Most of what I list are in stacks of 5, although I have a couple stacks of 10. Those are mainly fruits that I get a lot of, but I've seen others say that they don't have many trees. I tend to list for either 100 or 200 bells, respectively. I guess it's fair pricing, because people tend to buy things fairly often.


----------



## 50m4ra (Dec 27, 2017)

BunnyHunny said:


> I market whatever I have extra of and try to keep it full... I use my friends market boxes often, or the random player in town, especially for fruit which takes a long time to regrow. With fruit it's always you either have too much, or not enough!
> My camp has extra peaches and oranges.
> I should probably get rid of the bass and snapper.
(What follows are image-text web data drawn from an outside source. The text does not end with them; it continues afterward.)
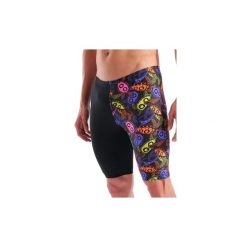 Spodenki pływackie męskie Arena Sea Turtles Swim Jammer. Czarne krótkie spodenki sportowe Arena, m, bez wzorów. Za 201.98 zł.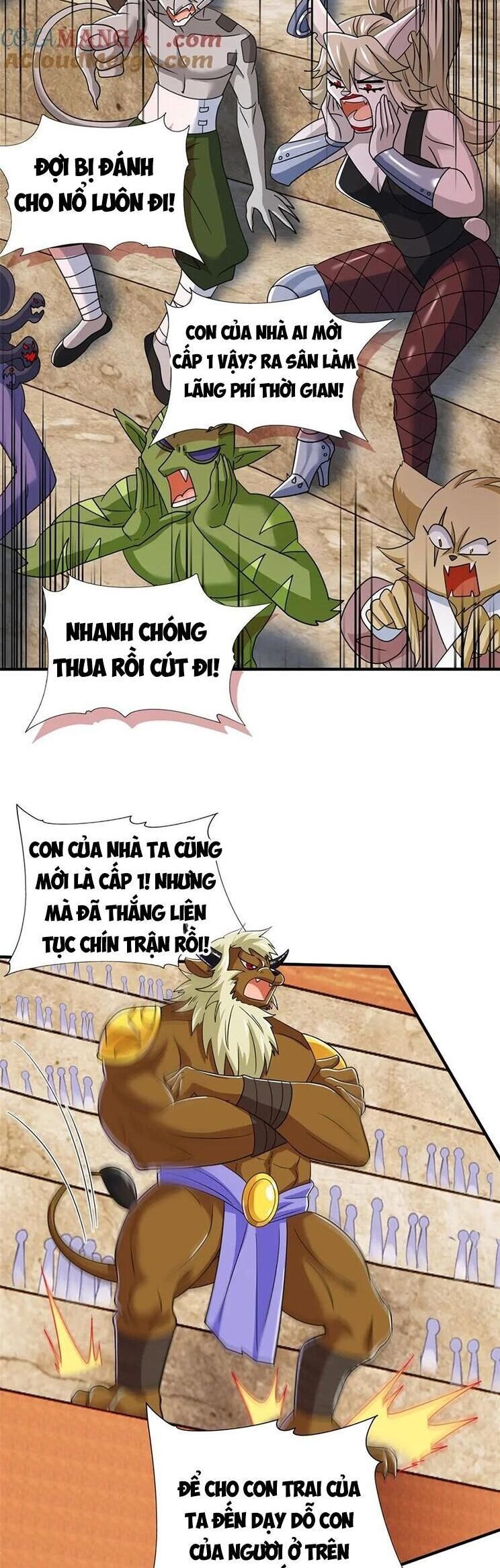 Cường Giả Đến Từ Trại Tâm Thần: Chapter 333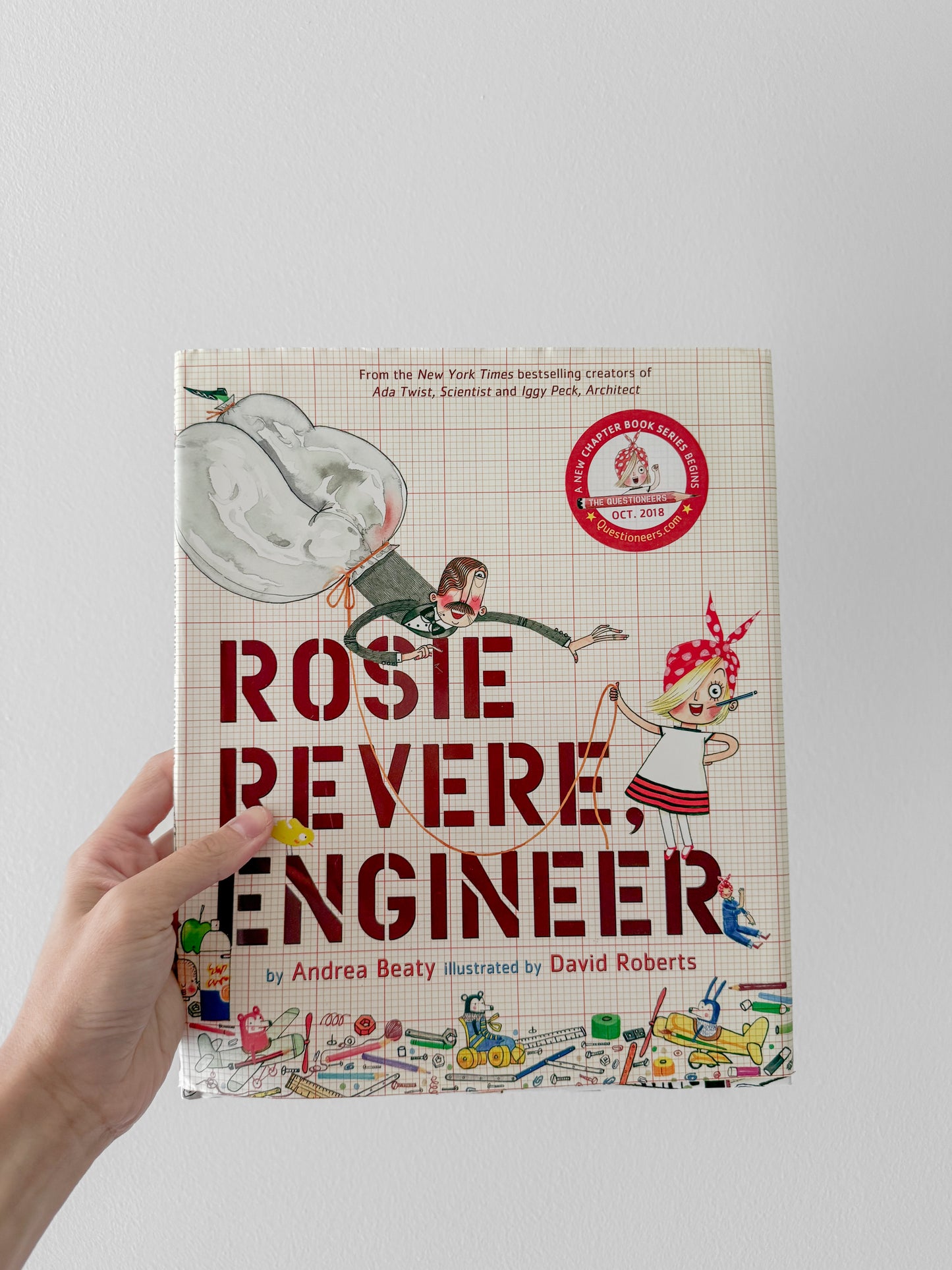 Rosie Revere Engineer - Hard Cover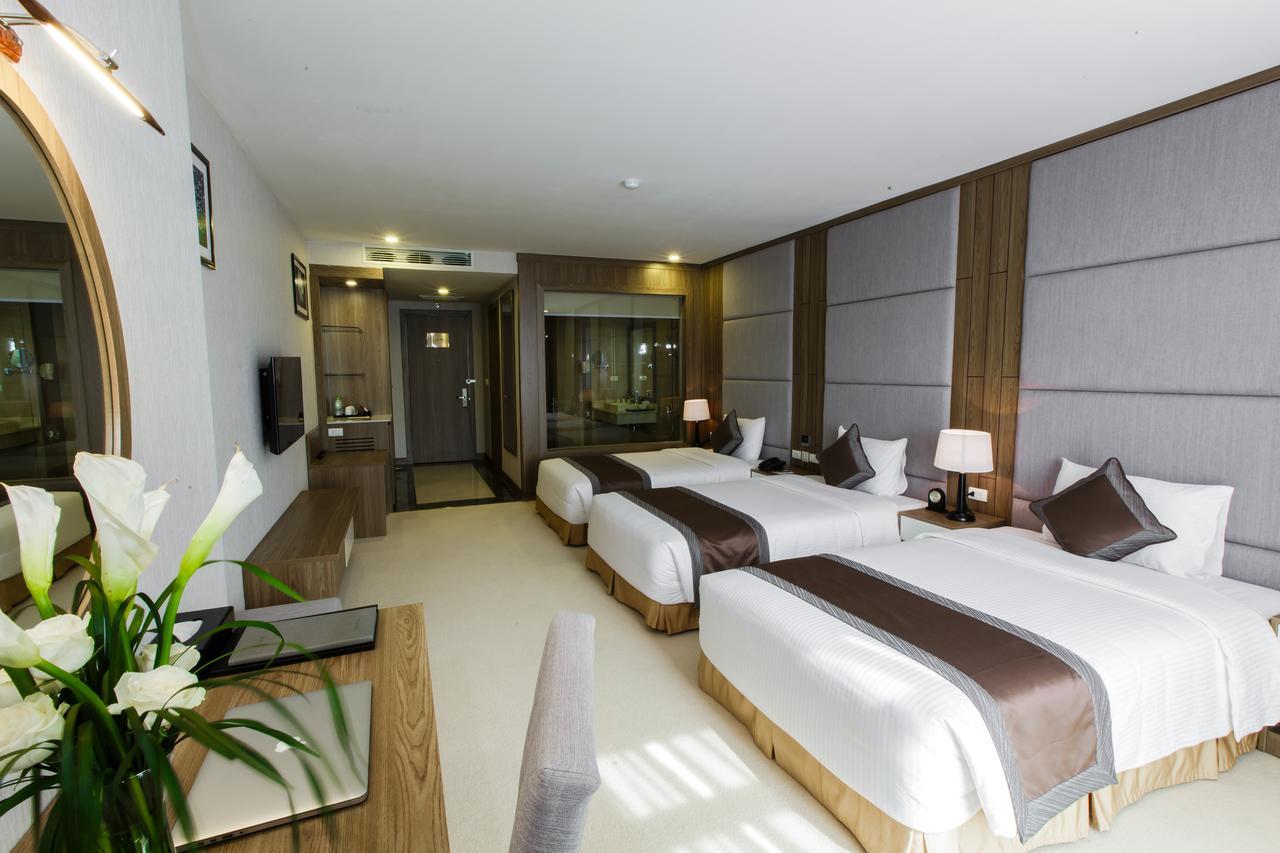 Muong Thanh Luxury Ha Nam Phu Ly Exterior foto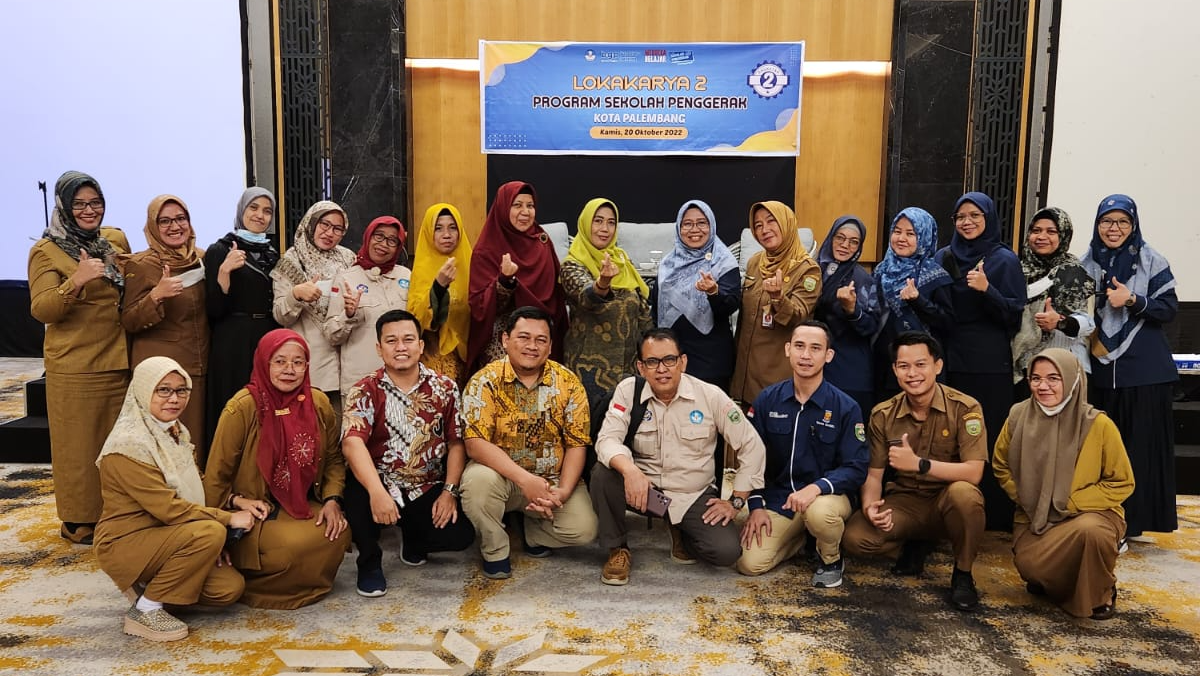 Lokakarya Sekolah Penggerak SMAN 12 Palembang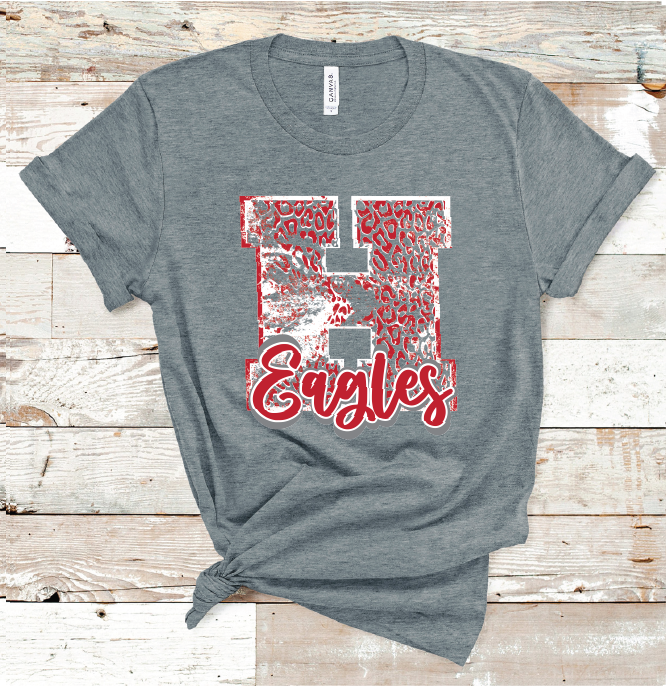 2023 HOLLIDAY LEO LETTER (B D GRAY)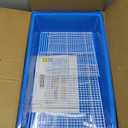 Pronetcus Hamster cage for Hamsters, Gerbils, mice, Rats, Small Guinea Pigs and Other Small Animals. (Large, Blue)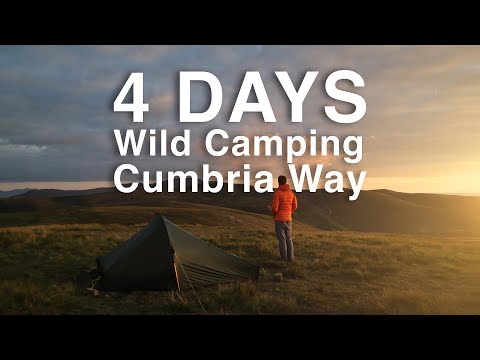 77 Miles, Wild Camping & Photography | The Cumbria Way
Yaknow the funny thing about "fruit takes forever to grow" is that in normal animal crossing it takes _3 days_ but I guess it's because supply and demand

I don't really do anything with it... What would you guys want lol


----------



## Libra (Dec 27, 2017)

Shells (which surprisingly sell quite often), pears and peaches. Sometimes tiger butterflies and fruit beetles. I mostly sell at lowest price so 20 bells for one item.


----------



## MadisonCrossing (Dec 27, 2017)

I originally put up only items I had too much of, but then I realized people are really into the basic things the villagers need, obviously.  I've been putting up my extra fruits, fruit beetles, olive flounders, tiger/monarch butterflies, shells, etc. just because other people who check out my Market Box tend to go for those (rather than the more rare things such as tuna and blowfish).  They're cheap but I usually will have at least three things sell per day since it's all in high demand.  You gotta master the system!


----------



## OswinOswald (Dec 31, 2017)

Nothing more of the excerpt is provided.